Yesterday was day one. All I can say is YIKES. I am definitely nervous for how the rest of the summer will go.
I had plans of waking up early and getting a few hours of work done before the kiddo got up. Then I’d make breakfast, and work for another hour or so while he relaxed. After that, we’d do some sort of fun activity together, and he’d be so appreciative and grateful to have me home with him during the day. I wouldn’t stress about work that wasn’t getting done. I’d feel gratitude for getting to play with my son during the summer.
Because he would be so appreciative of my time home, he would have zero qualms with the summer rules regarding chores, screentime, and quality reading time. He would quietly play on his own in the afternoons after our morning together so I could get some work done.
That is how it went in my head.
The reality of the matter is that I need to let go of any and all expectations I have regarding working and summer.
First thing’s first. I woke up early but the house was about 80 degrees and I could barely think straight because of the heat. So the thought of getting any work done was absolute nonsense. I kind of just sat there feeling miserable.
(PS, anyone know how to win the battle over the A/C with a frugal spouse??)
Secondly, once the kiddo got up and I introduced the screentime rules, the meltdown began. For the record, they were very reasonable rules. Like no more than 90 minutes of screentime at once, then you move on to something else, whether it be chores, reading, creativity, exercise, outside play, etc. Only when I determine that enough time and activity has passed can a screen turn on again. That apparently was blasphemy.
And then to kick off the summer, I decided to take the kiddo to the library to sign up for the summer reading challenge, which we do every year. To make it even more fun, we went to the super cool and fancy library downtown that we never go to because it’s not as close as the others.
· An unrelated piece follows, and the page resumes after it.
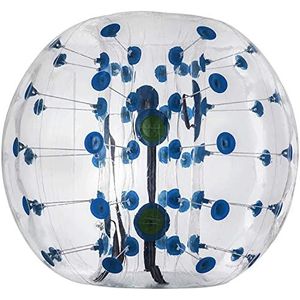 FlowerW 1,5 meter opblaasbare bumper, bumper, bumper, bumper, transparant, 10,45 kg gewicht, bubbelvoetbal blauw pvc, bubbelvoetbal zomer buiten speelgoed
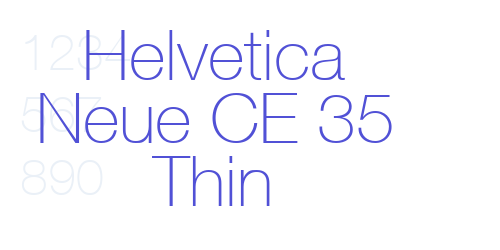 Helvetica Neue CE 35 Thin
I thought I’d win mom of the year award with that one. (We’re library nerds… it doesn’t take much.) Well, the library was cool and all, but it was only fun while it lasted.
By the time we got to the store and I wouldn’t allow treats to be eaten before lunch, the fun was forgotten and I was no longer a hero. Instead, I was given the stink eye from the back seat of the car all the way home and all while I was making lunch. Really? Is this how it’s going to go? Oh, and how dare I make you eat at the table with me away from the G.D. tv screen!
So that was that. Halfway through day one of summer break, and I was already feeling the heat, both figuratively and literally. I was spending way too much time arguing and reasoning and not enough time trying to enjoy his company.
Finally, at 3:00 in the afternoon, once he had earned his screen time back, I was able to sit back at my desk to edit these gorgeous smoothie bowl pictures. Thank goodness they were ridiculously photogenic because I was in no mood to spend much time on them.
Oh! And let me tell you – as soon as those 90 minutes of screen time were up, he was back up in my office bored out of his mind. There was no quiet play. There was no independence. Without the screen, I’m not sure he knows what to do.
Those 15 books from the library he was excited about 5 hours earlier meant nothing. The puzzle he got out to start was way too lame. The idea he had to write a story meant absolutely nothing to him. Getting outside was out of the question cause 93 degrees is just too dang hot (I’ll give him that)!
Is this going to be the new norm of my summer? Not starting work until mid-afternoon? Having to argue day after day with an almost-tween who just wants to be connected to a screen?
Please help me.
I have to say that I am going to have to search for the little things this summer because I’m not sure how else to do it. The joys in family walks after dinner. The joys in eating outside on the patio. The joys in getting to spend time at the pool during the day while everyone’s at work. The joys in getting to make and eat elaborate smoothie bowls to cool us off from the heat.
The joys that my kid is really only this cute age once (yes, there were quite a few cute moments throughout the day).
These are the things that I’ll remind myself when I ask why the hell I chose to be a work-at-home-mom.
And in the meantime, I’m taking my smoothie bowl and hiding in a closet. There is no other way this summer. This is all.